Volvo VNL Autonomous Trucks Enter Commercial Service on Dallas-Houston Lane
AVI-SPL is running Aurora Driver-powered VNLs on time-sensitive electronics freight. Volvo Autonomous Solutions provides the vehicle, virtual driver, infrastructure, and fleet management system.

AVI-SPL has launched commercial autonomous freight operations between Dallas and Houston using Volvo VNL Autonomous trucks powered by the Aurora Driver. The technology solutions provider is moving audio-visual electronics, including new products and end-of-life equipment for its electronic recycling program.
What does the Volvo VNL Autonomous system include?
Volvo Autonomous Solutions provides the complete end-to-end package: the purpose-built vehicle, the Aurora virtual driver software, required infrastructure, operations and uptime support, and a fleet management system that orchestrates transport operations and manages logistics flows. AVI-SPL does not own the trucks or operate them independently. Volvo Autonomous Solutions handles the full stack.

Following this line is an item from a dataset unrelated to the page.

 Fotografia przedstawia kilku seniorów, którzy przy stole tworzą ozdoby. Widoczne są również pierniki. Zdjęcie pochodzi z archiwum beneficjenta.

The launch targets time-sensitive, high-value shipments. AVI-SPL cited rising freight demand, qualified driver shortages, and capacity constraints as the operational drivers behind the deployment.
What freight is running on the corridor?
AVI-SPL is hauling a mix of audio-visual electronics. That includes new products moving to customer sites and end-of-life equipment returning for precious-metal recovery as part of the company's recycling program. The company did not disclose payload weights, trailer types, or shipment frequency.
"This collaboration shows how autonomous transport can help reduce transit times, improve service, and meet the demands of time-sensitive, high-value freight," said Sasko Cuklev, head of on-road solutions at Volvo Autonomous Solutions.
What operational benefits does AVI-SPL expect?
Tim Riek, chief strategy officer at AVI-SPL, said the collaboration allows the company to explore technologies that can improve operational resilience, support long-term scalability, and strengthen the customer experience. Volvo Autonomous Solutions claims the system can deliver greater uptime, improved asset utilization, and enhanced cargo security as operations scale.
No specific uptime figures, transit-time reductions, or cost-per-mile comparisons were provided. AVI-SPL did not disclose how many trucks are in service, whether the fleet will expand beyond the Dallas-Houston corridor, or what the contract term is.
What this means for small fleets
The Dallas-Houston corridor is a high-volume lane where capacity exits have tightened truckload supply and spot rates have climbed sharply in 2026. Autonomous deployments on these lanes compete directly with owner-operators and small fleets that rely on steady backhaul freight. If Volvo Autonomous Solutions scales the service to other shippers, it could pull dedicated-contract volume out of the conventional market.
For now, the deployment is limited to a single shipper on a single lane. No pricing, maintenance cost, or reliability data has been released. Small fleets should watch whether AVI-SPL expands the program and whether other shippers follow. The technology is still unproven at scale in commercial service.